Media Foundation Programming--Image Stride

When a video image is stored in memory, the memory buffer might contain extra padding bytes after each row of pixels. The padding bytes affect how the image is stored in memory, but do not affect how the image is displayed.

The stride is the number of bytes from one row of pixels in memory to the next row of pixels in memory. Stride is also called pitch. If padding bytes are present, the stride is wider than the width of the image, as shown in the following illustration.

 

Diagram showing padding bytes.

Diagram showing padding bytes.

 

Two buffers that contain video frames with equal dimensions can have two different strides. If you process a video image, you must take the stride into account.
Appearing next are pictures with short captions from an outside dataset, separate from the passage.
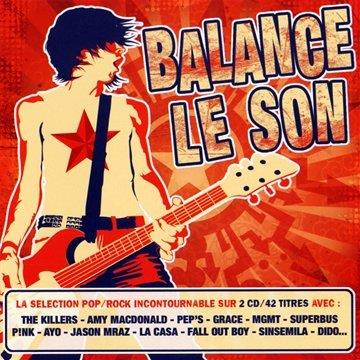 Balance Le Son (2 CD) - CD Audio
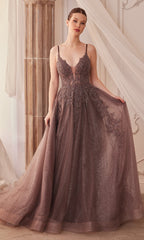Long Formal Dress A1261 by Andrea & Leo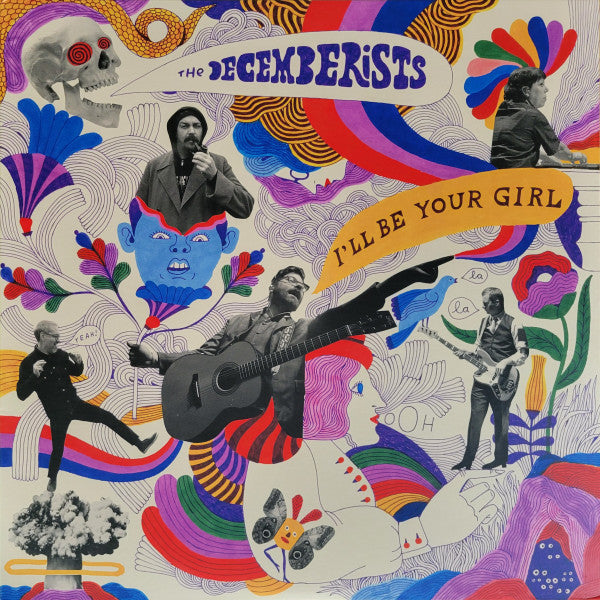 I'll Be Your Girl & As It Ever Was, So It Will Be Again (2LP) & Castaways & Cutouts (Dl Card)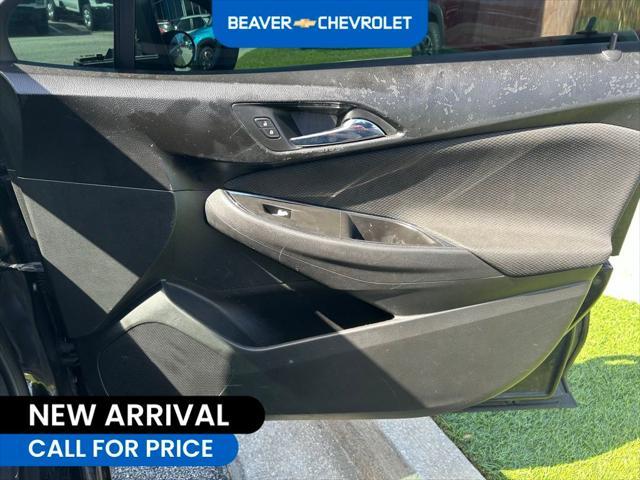 used 2016 Chevrolet Cruze car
In addition, there are two ways that an image can be arranged in memory. In a top-down image, the top row of pixels in the image appears first in memory. In a bottom-up image, the last row of pixels appears first in memory. The following illustration shows the difference between a top-down image and a bottom-up image.

 

Diagram showing the difference between a top-down image and a bottom-up image.

Diagram showing the difference between a top-down image and a bottom-up image.

 

A bottom-up image has a negative stride, because stride is defined as the number of bytes need to move down a row of pixels, relative to the displayed image. YUV images should always be top-down, and any image that is contained in a Direct3D surface must be top-down. RGB images in system memory are usually bottom-up.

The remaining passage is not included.